Singles from laut-Los
- "Träume leben ewig" Released: 28 March 2008; "Fieber" Released: 23 May 2008;

= Laut-Los =

laut-Los is the first acoustic album by Christina Stürmer. Released on 4 April 2008, it includes five new songs. The song "Fieber" is the official anthem of the Austrian soccer team for the EURO 2008.

==Background==
All the songs on laut-Los were re-recorded for the album in "unplugged" format except five new songs. Träume leben ewig, Optimist, Nie zu spät, Fieber, and Ochester in mir are new songs not previously recorded on any of Christina Stürmer's previous albums.

==Release==
"Träume leben ewig", the first single from laut-Los, was released on 28 March 2008. It reached number ten in Austria but failed to meet the same success in Germany, reaching number forty on the charts there. The music video for the song starts with Stürmer lying in a chalk-lined bed. Shots of her and her band performing as shown. Stürmer is then shown at an outside café. Throughout the video, shots of Stürmer singing and looking out the window are shown.

"Fieber" was the second single from laut-Los. The song was released on 23 May 2008. Fieber is also the official anthem of the Austrian soccer team for the EURO 2008. The music video for Fieber shows Stürmer sitting outside watching the soccer game, and throughout the video, other sports fans join her and by the end of the video she has a crowd with her watching the game. The single "Mitten unterm Jahr" was released on 16 November 2007. It was only released in Austria, reaching number four on the charts.

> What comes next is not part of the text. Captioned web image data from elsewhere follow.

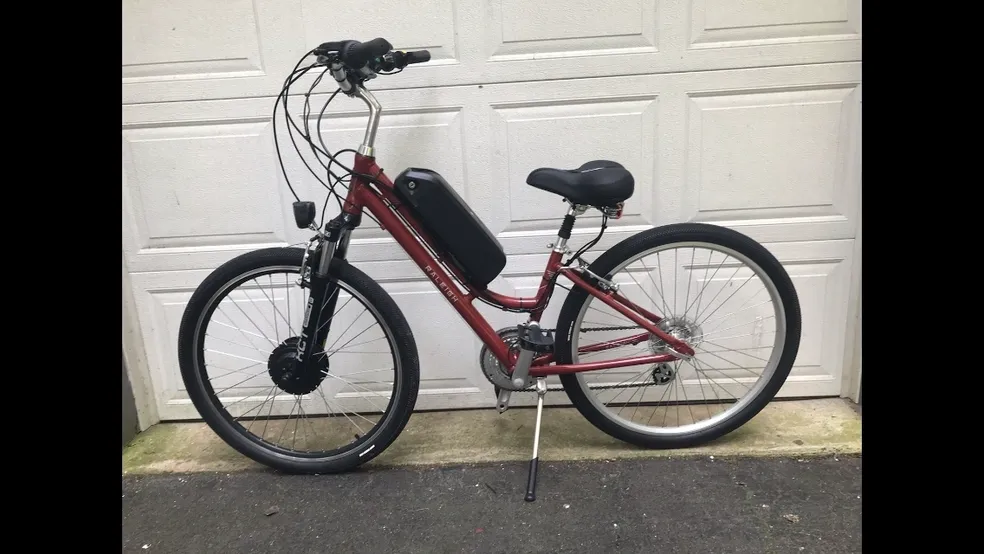 Bicycle parked in front of white garage.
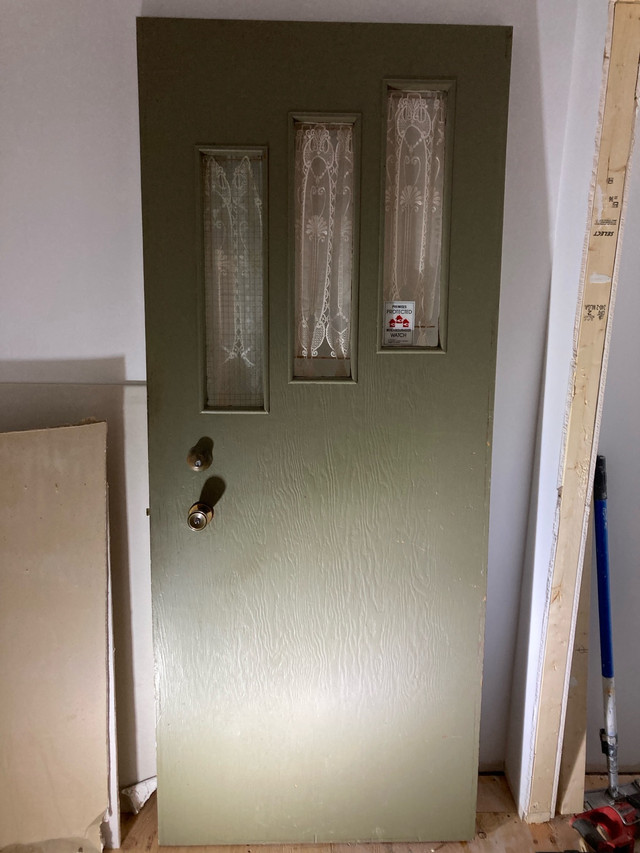 34” solid wood front door. in Windows, Doors & Trim in Fredericton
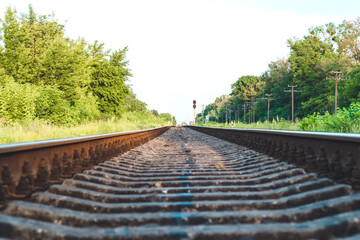 The railway going into the distance. Iron empty long rails.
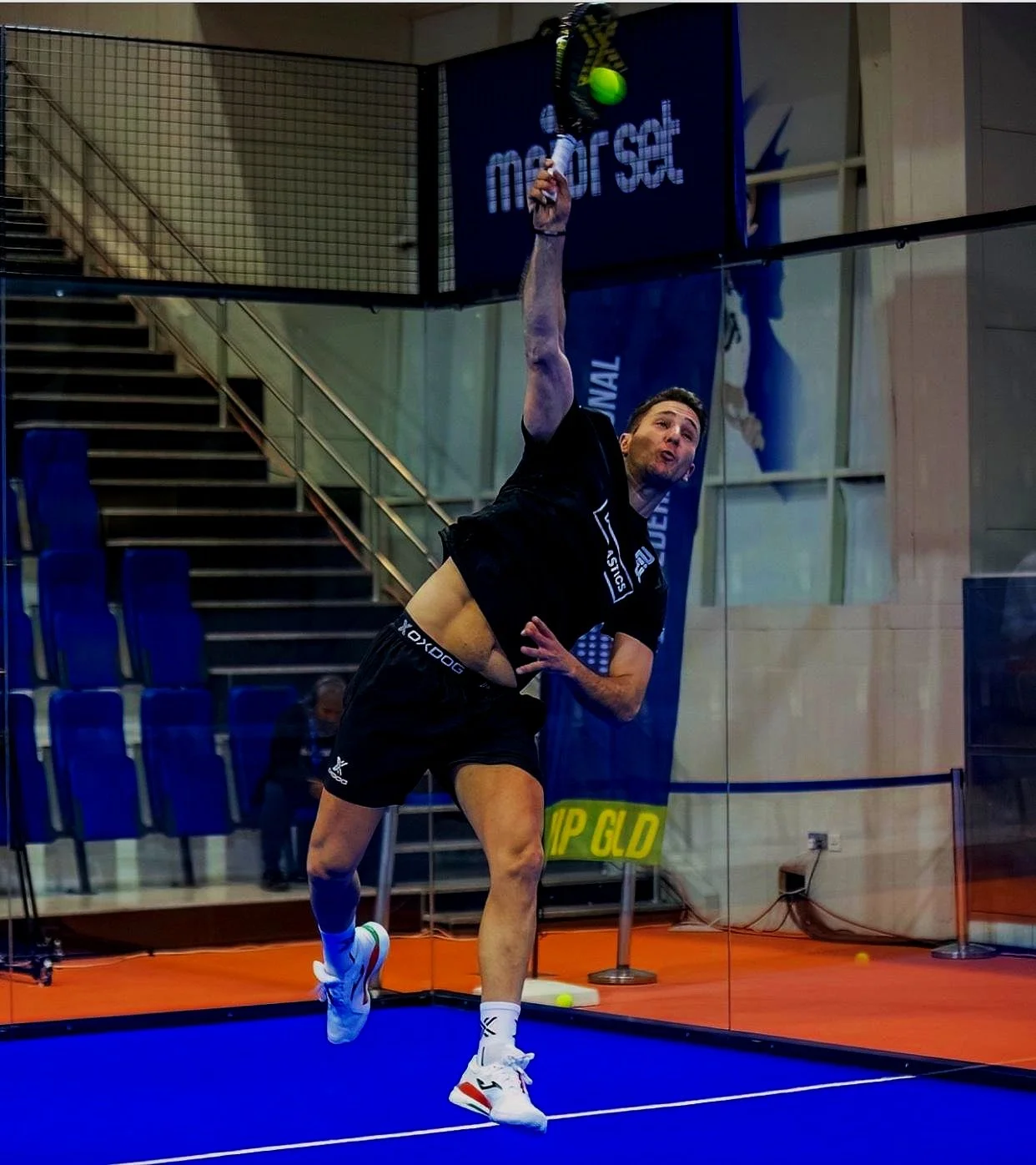A Padel Player, reaching up with a racket to hit a green ball against a glass wall, in an indoor sports facility with blue court and seating.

The album was certified Platinum in Austria.

== Track listing ==
1. Augenblick am Tag (Day in the Blink of an Eye) - 3:09
2. Glücklich (Lucky) - 2:55
3. Träume leben ewig (Dreams Live Forever) - 3:52
4. Optimist (Optimist) - 3:08
5. Mitten Unterm Jahr (Under the Middle Years) - 4:19
6. Nie zu spät (Never Too Late) - 4:07
7. Fieber (Fever) - 3:11
8. An Sommertagen (On Summerdays) - 3:25
9. Geh nicht wenn du kommst (Do Not Go If You Come) - 4:02
10. Orchester in mir (Orchestra in Me) - 3:40
11. Ich lebe (I Live) - 3:16
12. Engel fliegen einsam (Angels Fly Lonely) - 4:14
13. Lebe lauter (Live Louder) - 3:52
14. Ohne Dich (Without You) - 3:12 [iTunes only]

==Charts==

===Weekly charts===

| Chart (2008) | Peak position |
|---|---|
| Austrian Albums (Ö3 Austria) | 1 |
| German Albums (Offizielle Top 100) | 9 |
| Swiss Albums (Schweizer Hitparade) | 13 |

===Year-end charts===

| Chart (2008) | Position |
|---|---|
| Austrian Albums (Ö3 Austria) | 10 |

== Certifications ==

| Region | Certification | Certified units/sales |
| Austria (IFPI Austria) | Platinum | 20,000^{*} |
^{*} Sales figures based on certification alone.